Gert Arnold picture Gert Arnold · Nov 24, 2019

tl;dr
The attribute doesn't help you in data validation. It even causes you trouble because it restricts your querying options.

First, contrary to EF6, EF core doesn't do any data validation. So your good intention to block null strings from entering a database field that is nullable can't be fulfilled by any attribute.

Worse, the attribute will cause you trouble. SQL query generation is affected by properties being required or not. Let me demonstrate that using this little class:

public class Product
{   
    public int ID { get; set; }

    [Required(AllowEmptyStrings = true)] // or false
    public string Name { get; set; }
}

This query...

string name = "a";
var products = db.Products
    .Where(x => x.Name == name)
    .ToList();

...with [Required] (AllowEmptyStrings false or true) generates this WHERE clause:

WHERE ([p].[Name] = @__name_0) AND @__name_0 IS NOT NULL

Witout the attribute nothing less than:

WHERE (([p].[Name] = @__name_0) AND ([p].[Name] IS NOT NULL AND @__name_0 IS NOT NULL))
    OR ([p].[Name] IS NULL AND @__name_0 IS NULL)

EF does this to get the same null semantics as in C#. In SQL, just [p].[Name] = @__name_0 is undetermined when @__name_0 is NULL and the query wouldn't return any records, not even the ones where Name is null. The same LINQ query in C# would. The extra null checks in the second WHERE clause account for the case where both [Name] and @__name_0 are null, which in C# would be considered equal. By the way, if desired, these null semantics can be replaced by database null semantics.

When the field is required, EF assumes the field value is never null and it omits this extra condition. That assumption is what causes you trouble. The query will never return records with null names not even when explicitly querying them. With string name = null; no records with null names will be returned.

But now for the total bummer, EF won't even allow you to query for null values explicitly by an additional condition:

var products = db.Products
    .Where(x => x.Name == name || x.Name == null)
    .ToList();

EF just ignores the name == null condition. It's so sure that the field can't contain null values that this query...

var products = db.Products
    .Where(x => x.Name == null)
    .ToList();

produces this SQL predicate:

WHERE CAST(0 AS bit) = CAST(1 AS bit)

Excuse me? Could I query for null values please? There you are, saddled with a legacy database, trying to do the best you can by making fields required from now on, but EF makes it practically impossible. This is also true in EF6.

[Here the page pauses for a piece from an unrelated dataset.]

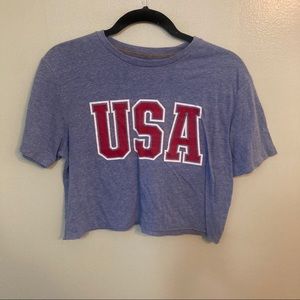 Old Navy USA Crop Top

Long story short: don't use the attribute. It only does harm and nothing good.

Alternatives

  • Do these validations yourself. This blog has a coule of suggestions.
  • If using ASP.Net, use DTO/view model objects with attributes to get early data entry validation. This can't replace all data validation on save though.
  • (Preferred) Repair the legacy data by converting null strings into something useful and do use the attribute because of its (now beneficial) effect on queries and its effect on model validation in other frameworks, like ASP.Net.